Thursday, February 27, 2003
B17 Upson Hall
A Parallel Vector Memory Subsystem for the Impulse Adaptable Memory Controller
Microprocessor speed is increasing much faster than memory system speed, and thus achieving good application performance often translates into achieving good cache performance. Unfortunately, many important commercial and scientific workloads lack the locality of reference that makes caching effective. Studies have shown that memory bus and DRAM latencies cause an 8X slowdown from peak performance to actual performance on commercial database workloads, that the efficiency of current caching techniques is generally less than 20\% of an optimal cache's, and that cache sizes are up to 2000 times larger than an optimal cache would be. The evidence is clear: no matter how hard we push it, traditional caching cannot bridge the growing processor-memory performance gap. This talk presents research that attacks the memory problem at a different level -- the memory controller. We describe the Impulse Adaptable Memory System built at the University of Utah. This general-purpose, uniprocessor system improves performance within the cache hierarchy and the memory back end for both regular and irregular computations. It does this in three ways: by optimizing the use of DRAM resources in the memory controller backend, by prefetching data within the memory controller and delivering it to the processor only when requested, and by remapping previously unused physical addresses within the memory controller. Extending the virtual memory hierarchy in this way allows optimizations that improve the efficiency of the system bus and the performance of the CPU's cache hierarchy and translation lookaside buffer (TLB). Impulse represents a combined hardware/software solution in that the compiler, OS, or application writer supplies the access pattern information that the memory controller exploits.
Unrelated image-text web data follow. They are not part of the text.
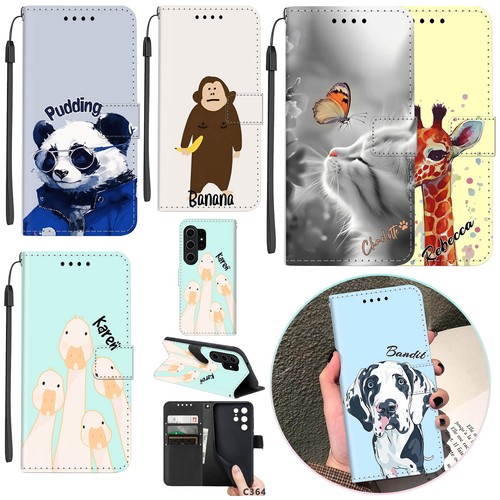 Animal personalised magnetic - animal,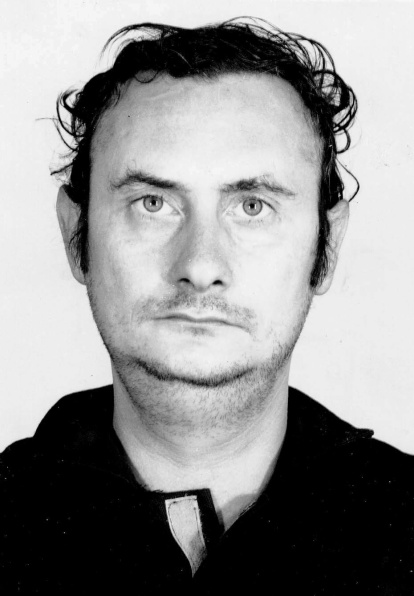 Fotografía del histórico dirigente del Grapo José Manuel Sánchez Casas.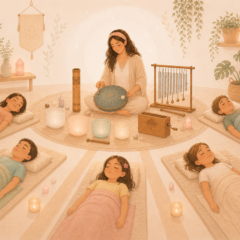 relaxation sonore enfant relaxation sonore enfant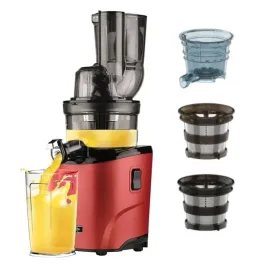 wyciskarka-wolnoobrotowa-pionowa-kuvings-revo-830-200-w-czerwona
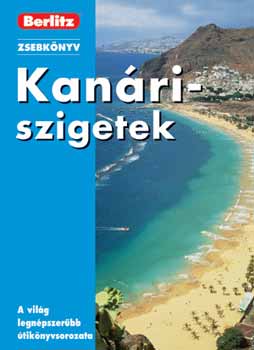 Norman Renouf - Kanri-szigetek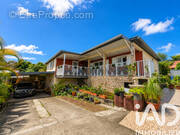 Photo 1 - Maison à LES TROIS-BASSINS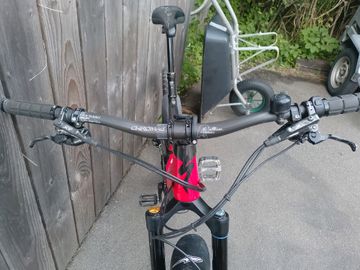 Tweedehands Specialized Turbo Levo SRAM GX DH 2018 Mountainbike — afbeelding 5 van 9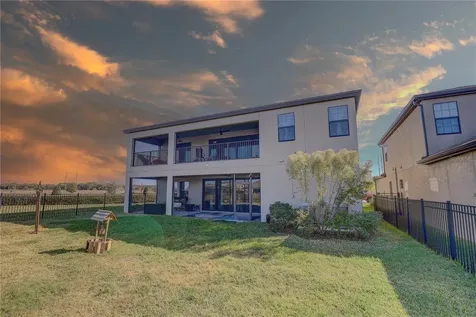 14536 Woodland Spur Drive Lithia FL 33547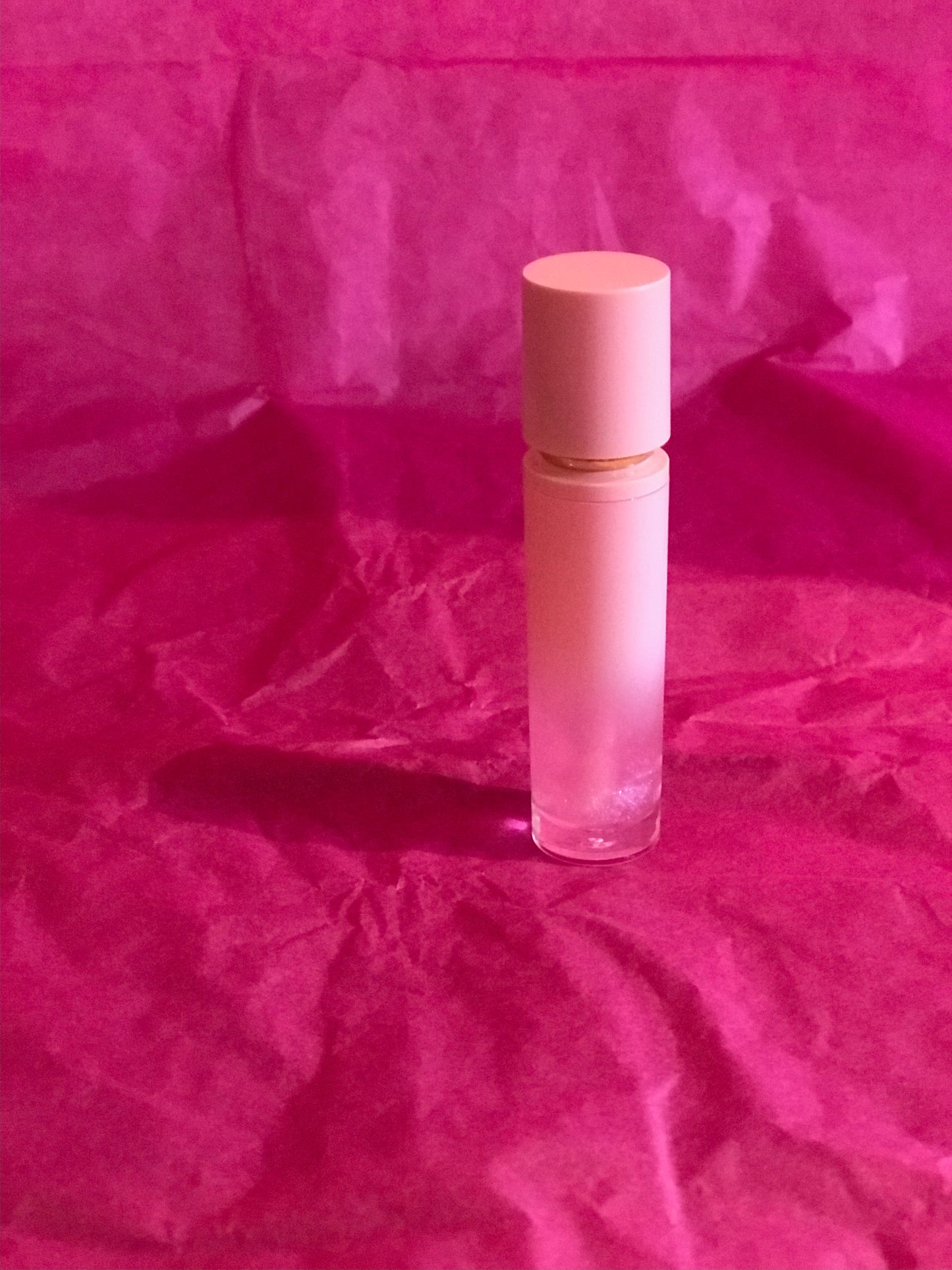 Brianna beauty lip gloss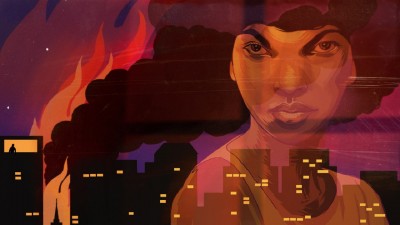 The Making of Sunset: Part 2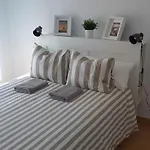 Holiday home La Casita Blanca El Astillero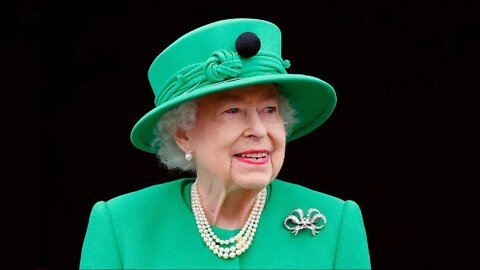 BREAKING! Queen Elizabeth II Has Died - What Happens Next? Inside Operation London Bridge!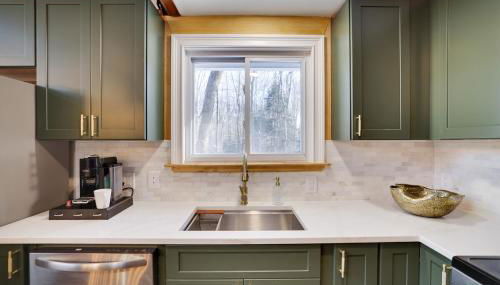 Cabin in the Woods - Foto 5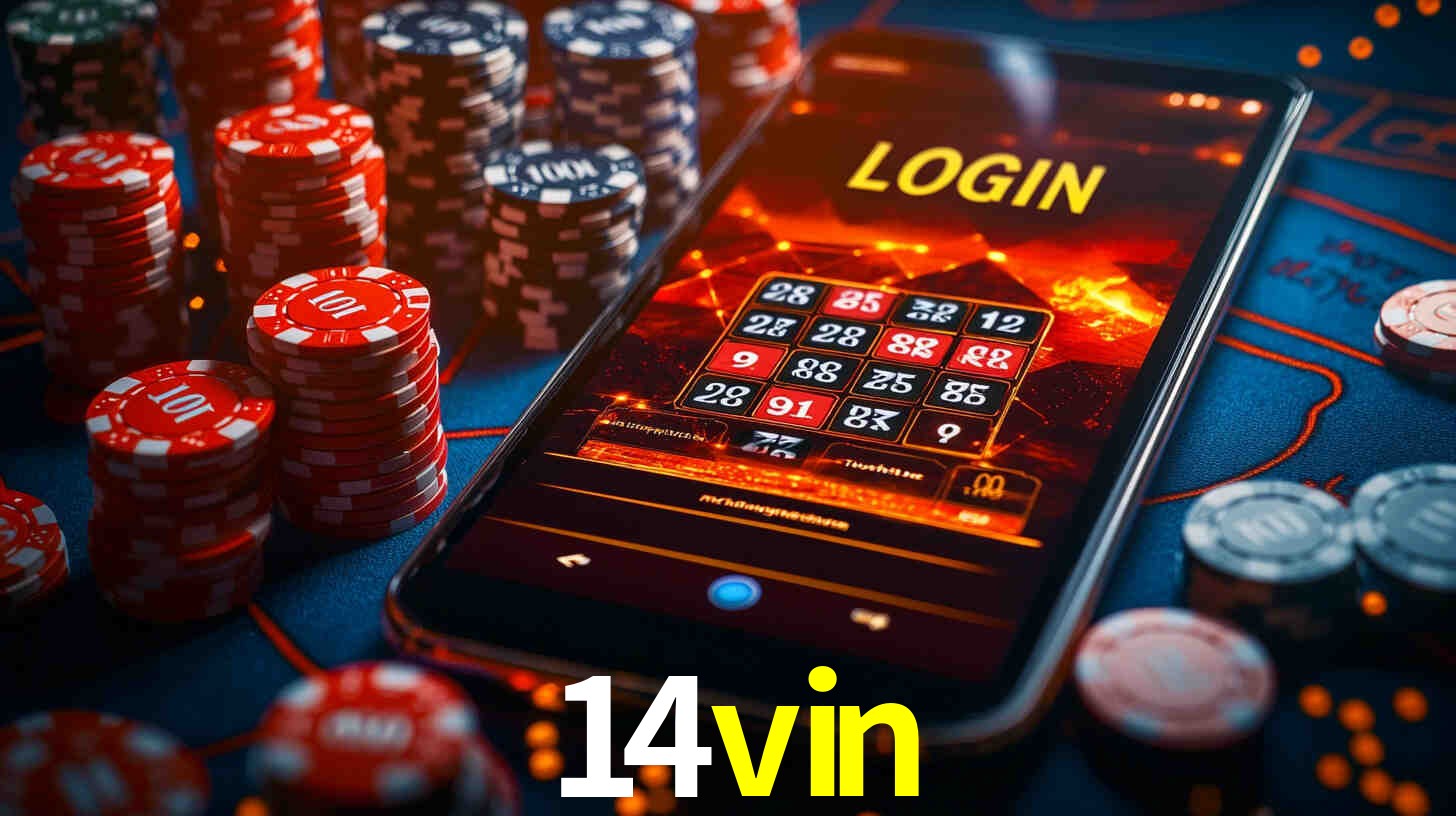 Descubra a Magia dos Jogos de Arcade no 14vin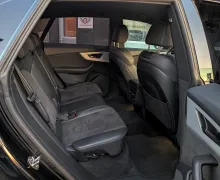 Zunanja slika - Audi Q8 - quattro 50 TDI S-Line - 12 - Predogledna slika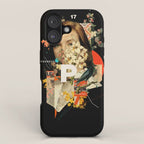 YOUREYES iPhone Case Gallery Image 1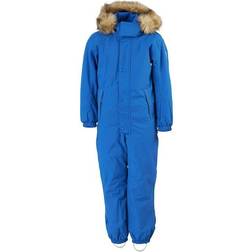 Reima tec Winter Overall, Stava Marine Blue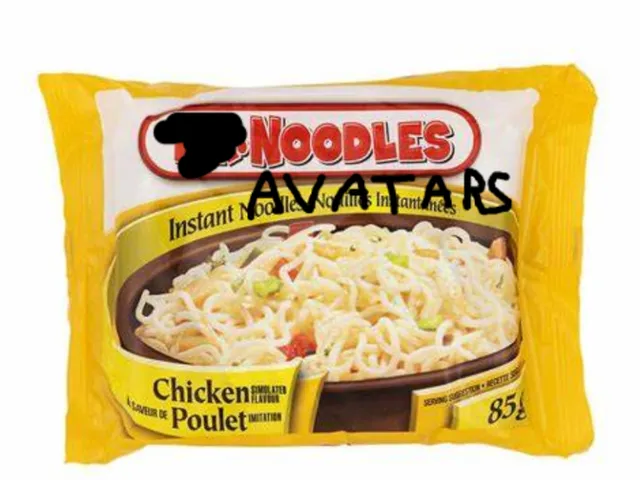 avatars （abandoned）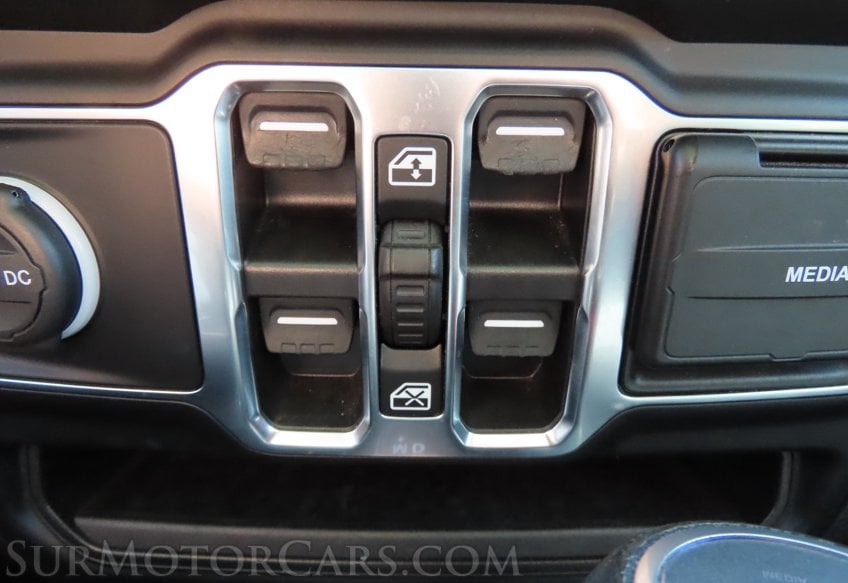 2023 Jeep Wrangler Sport S - Image 44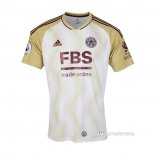 Camiseta Leicester City 3ª 22-23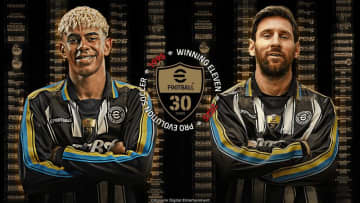 「eFootball」シリーズ30周年記念！KONAMIのサッカーゲーム“3タイトル”でキャンペーン開催中…王様ペレ初登場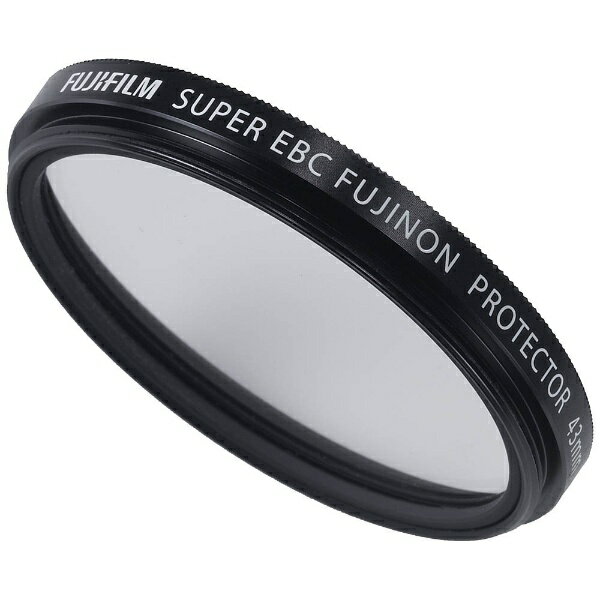 For Special Effects - 富士フイルム｜FUJIFILM プロテクトフィルター　PRF-43[FPRF43]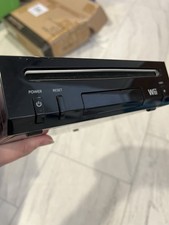 Nintendo Wii Family Edition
We provide an overview of Impulse functionality, and then present details of the Parallel Vector Access (PVA) mechanism that optimizes the use of DRAM resources by gathering data in parallel within the memory controller. The PVA performs cache-line fills as efficiently as a normal, serial controller, and performs strided vector accesses from three to 33 times faster. The scalable design is two-five times faster than other gathering mechanisms with similar goals, at the cost of only a slight increase in hardware complexity.